(Extracted material)

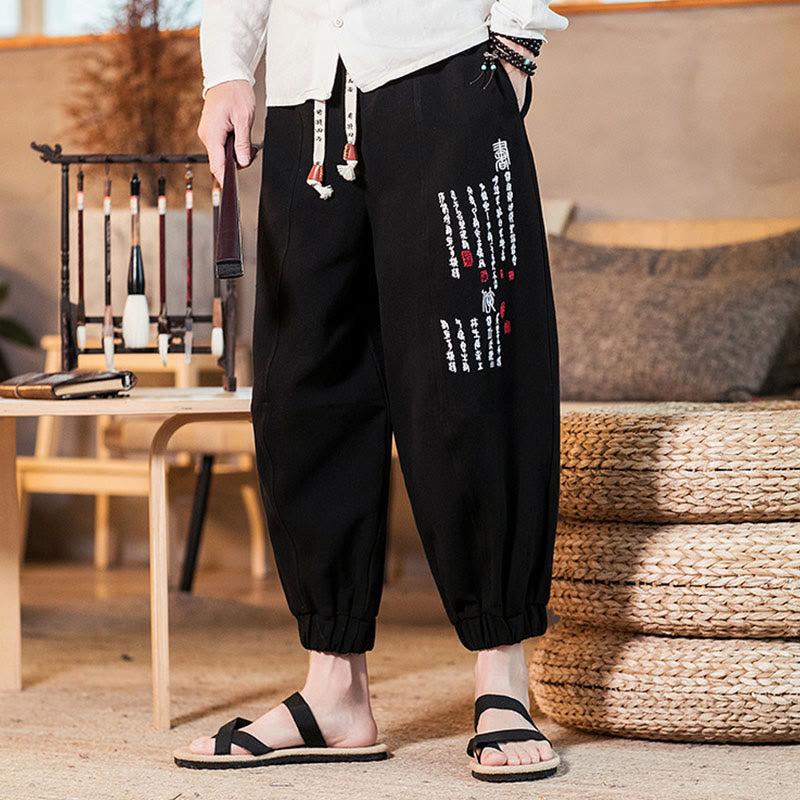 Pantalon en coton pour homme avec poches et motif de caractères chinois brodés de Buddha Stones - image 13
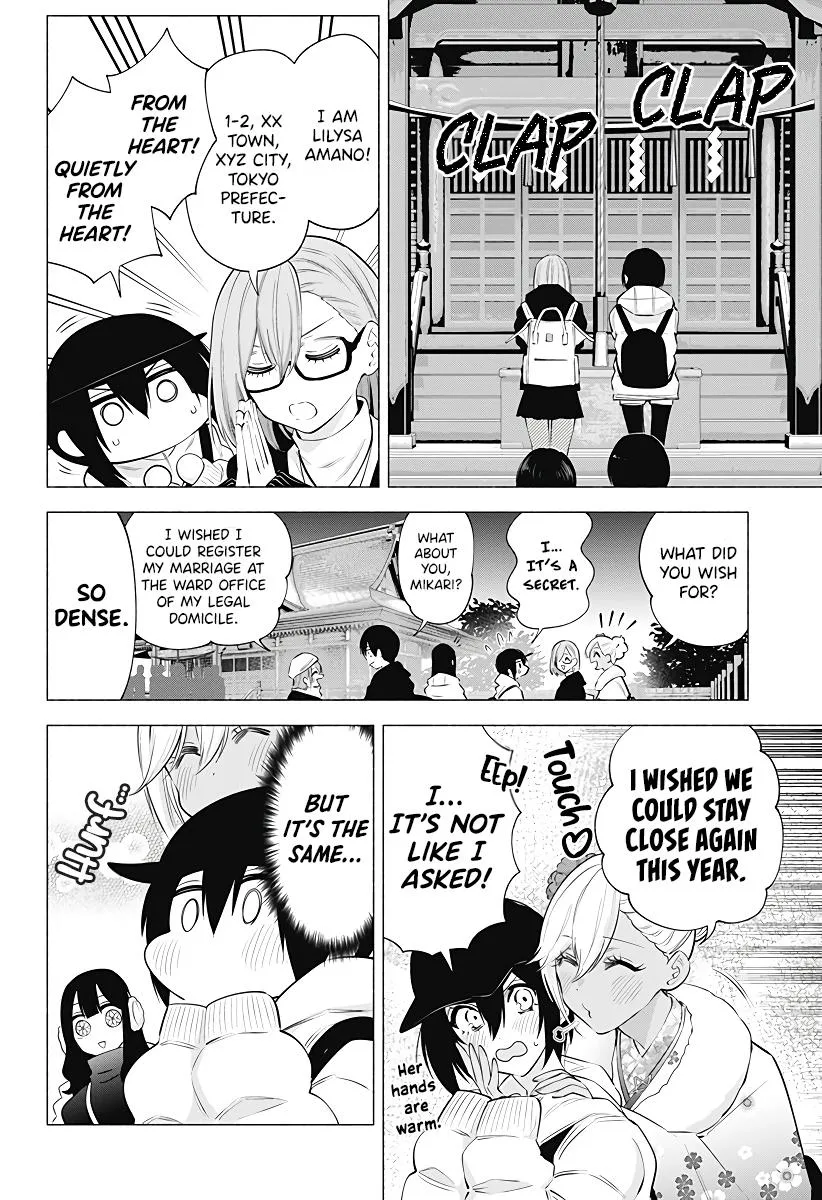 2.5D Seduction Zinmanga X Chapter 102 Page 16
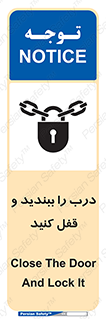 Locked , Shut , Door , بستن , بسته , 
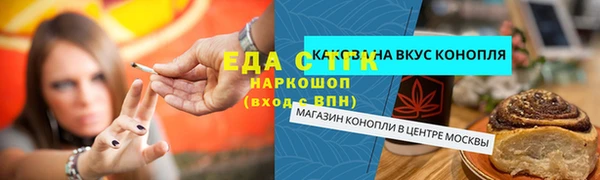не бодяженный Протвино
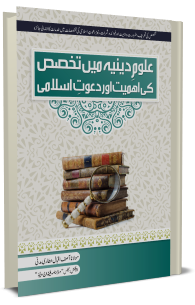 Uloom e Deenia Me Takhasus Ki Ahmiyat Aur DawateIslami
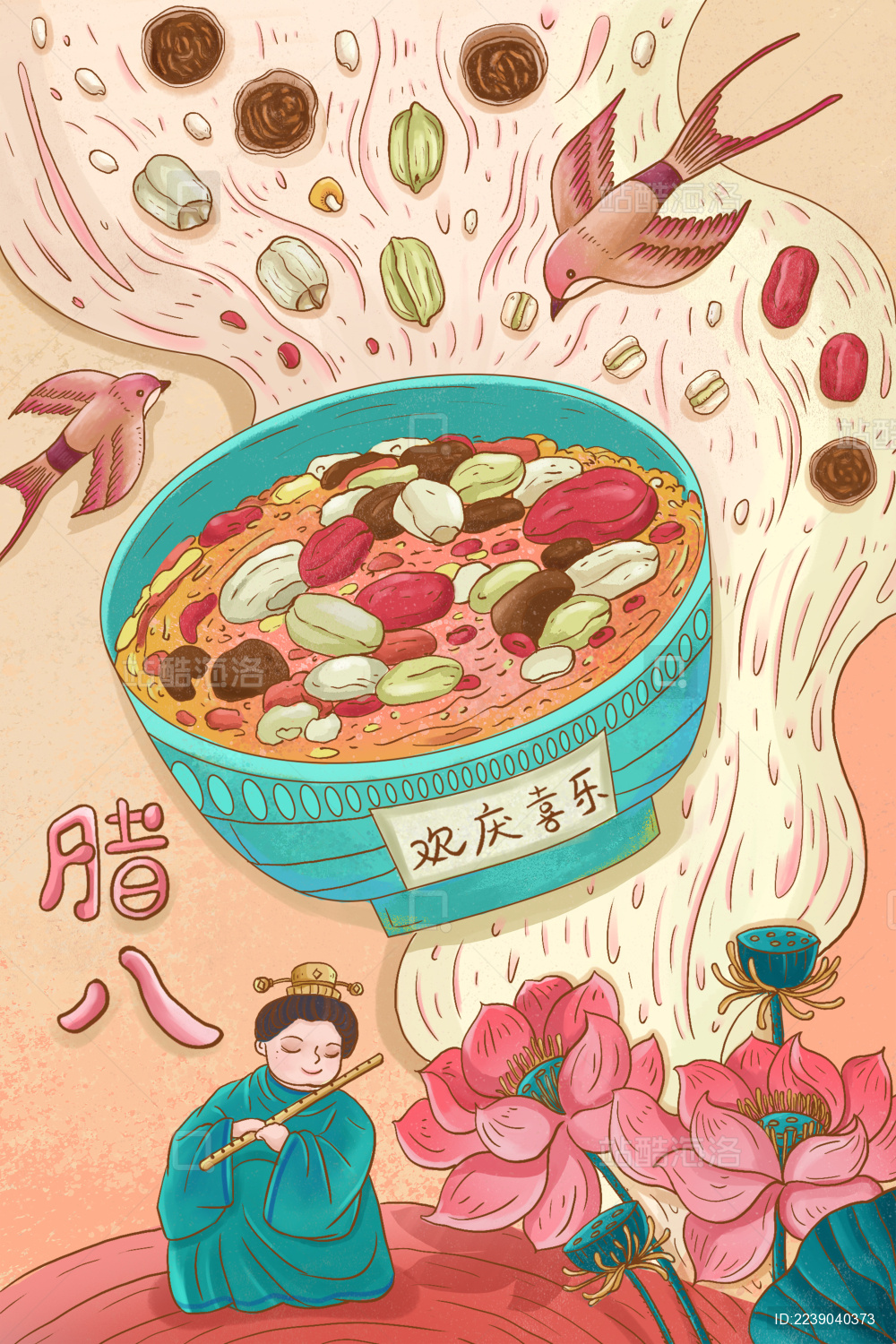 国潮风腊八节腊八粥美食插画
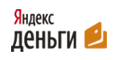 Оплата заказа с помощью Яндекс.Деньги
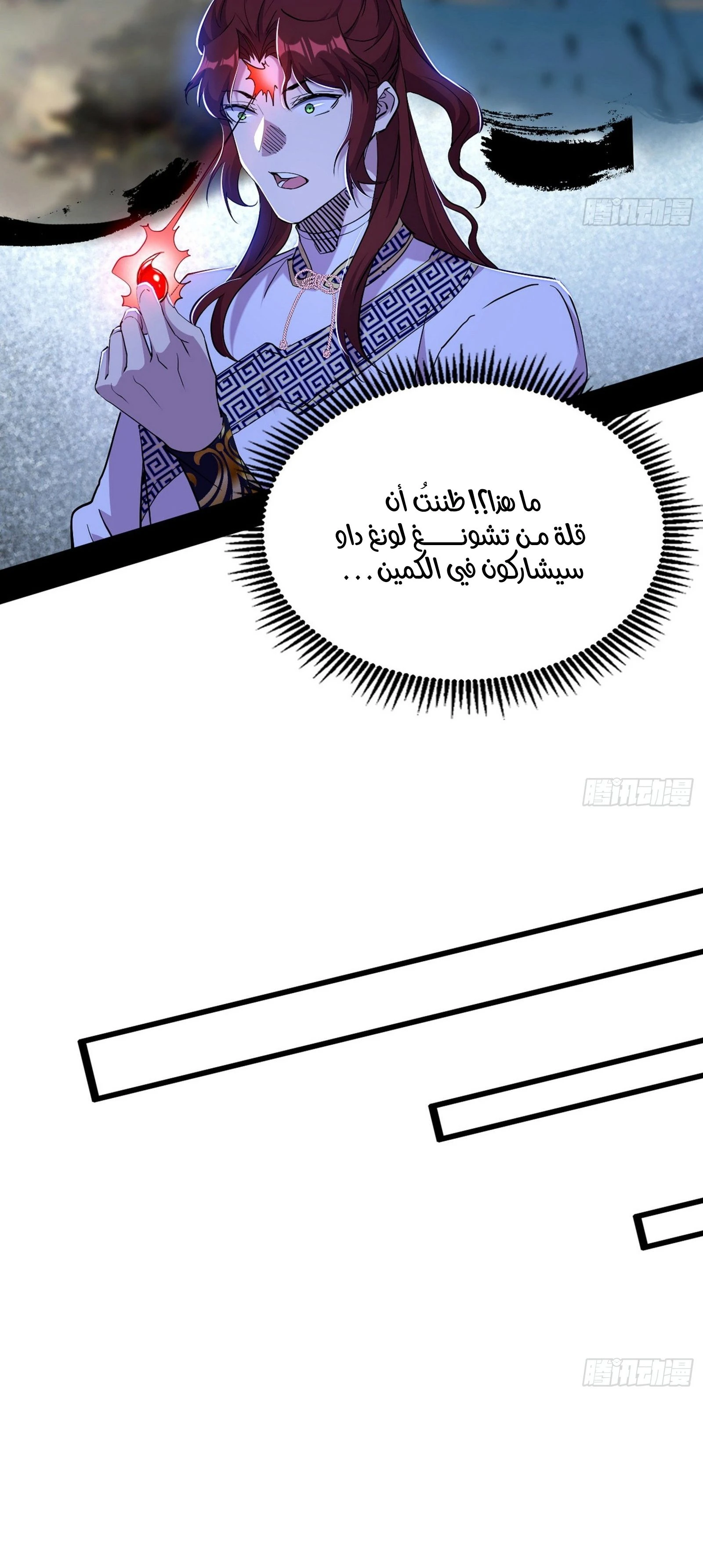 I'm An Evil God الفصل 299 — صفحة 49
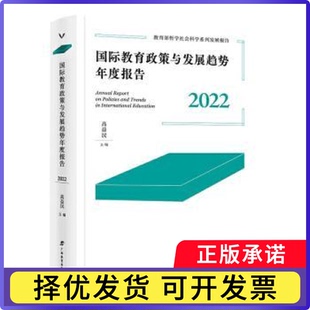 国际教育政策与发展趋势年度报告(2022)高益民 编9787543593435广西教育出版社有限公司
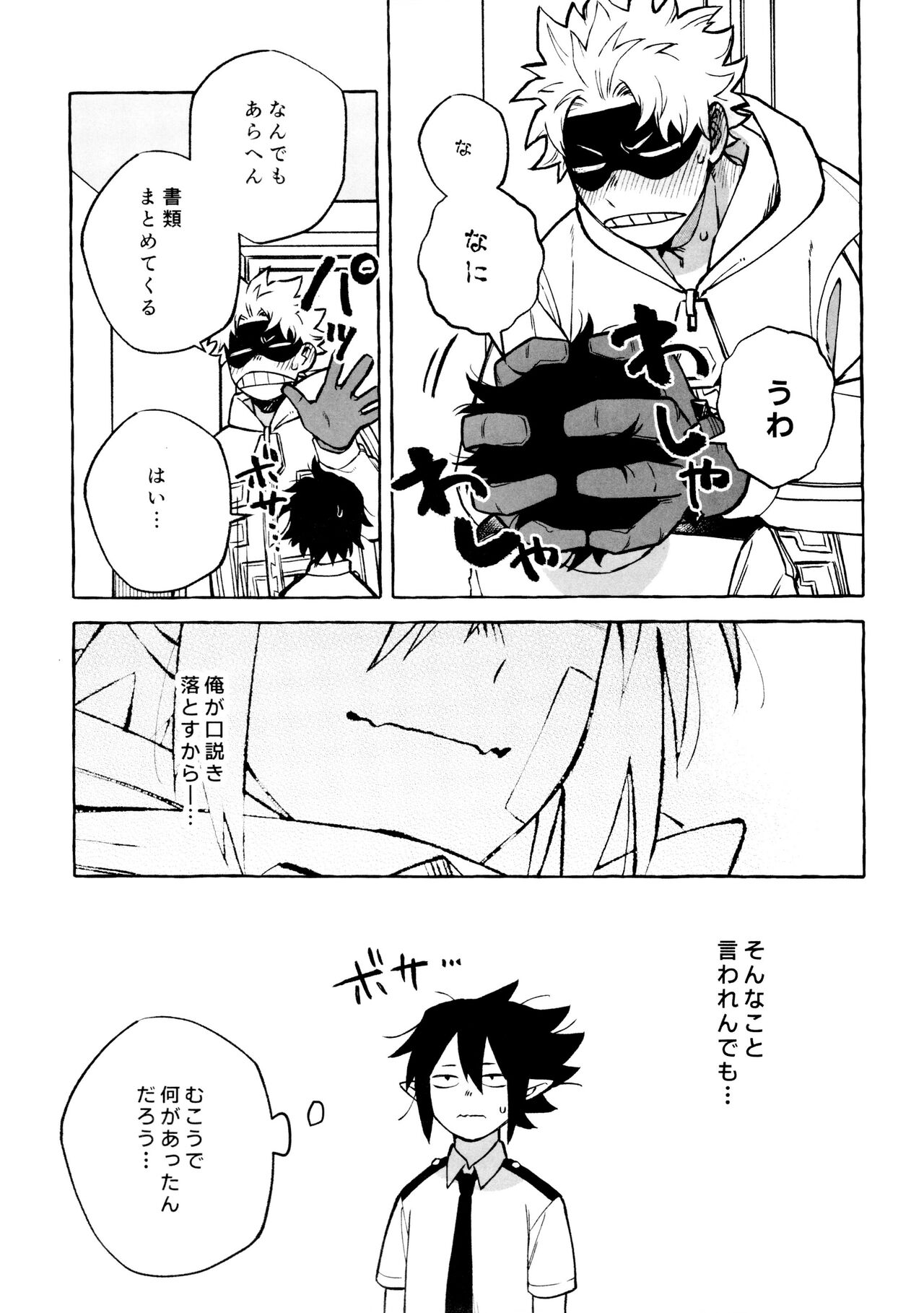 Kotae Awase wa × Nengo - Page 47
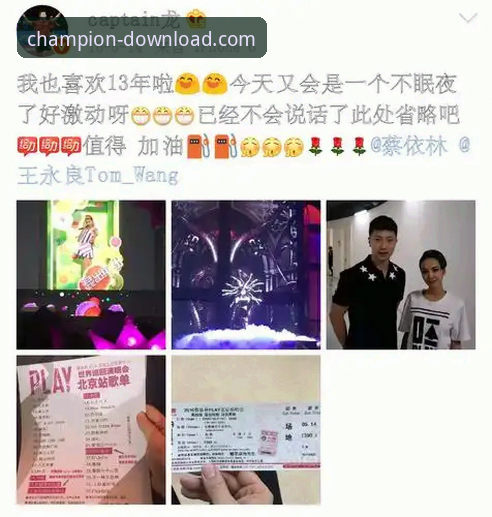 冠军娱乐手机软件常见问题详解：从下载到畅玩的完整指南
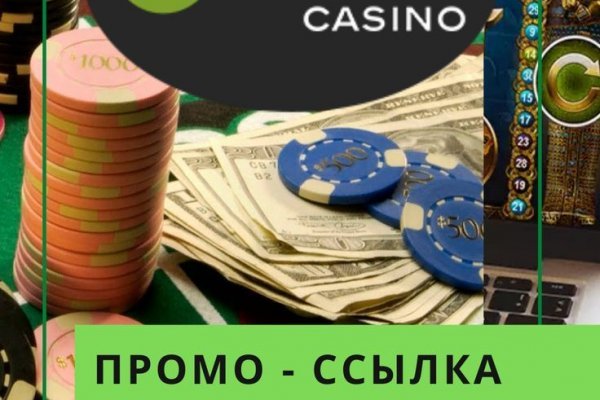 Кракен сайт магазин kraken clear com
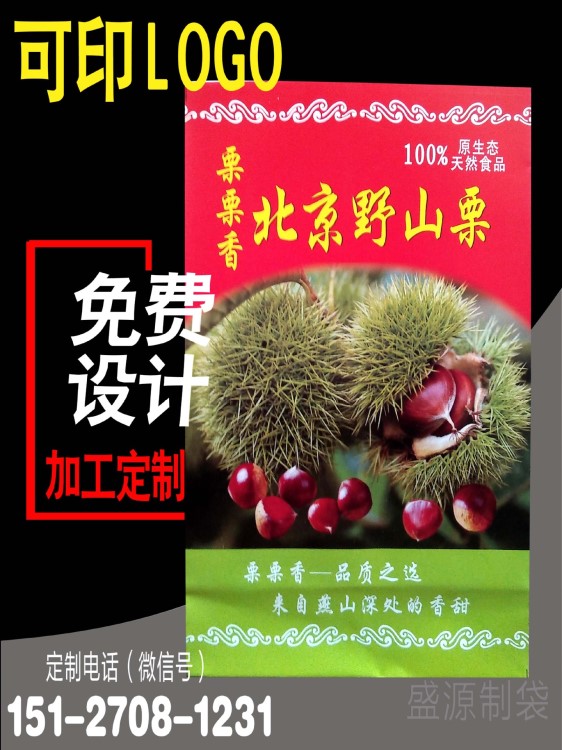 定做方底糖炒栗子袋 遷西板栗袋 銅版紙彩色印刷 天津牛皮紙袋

(End Extracted material)

## [Task prompt]
Pictures are to be dropped; every line of the records is to be returned unchanged.

## [Task solution]
 Pantalon en coton pour homme avec poches et motif de caractères chinois brodés de Buddha Stones - image 13
 2.5D Seduction Zinmanga X Chapter 102 Page 16
 Locked , Shut , Door , بستن , بسته , 
не бодяженный Протвино
 Uloom e Deenia Me Takhasus Ki Ahmiyat Aur DawateIslami
 国潮风腊八节腊八粥美食插画
 Оплата заказа с помощью Яндекс.Деньги
 I'm An Evil God الفصل 299 — صفحة 49
 国际教育政策与发展趋势年度报告(2022)高益民 编9787543593435广西教育出版社有限公司
 Kotae Awase wa × Nengo - Page 47
 冠军娱乐手机软件常见问题详解：从下载到畅玩的完整指南
 Кракен сайт магазин kraken clear com
 定做方底糖炒栗子袋 遷西板栗袋 銅版紙彩色印刷 天津牛皮紙袋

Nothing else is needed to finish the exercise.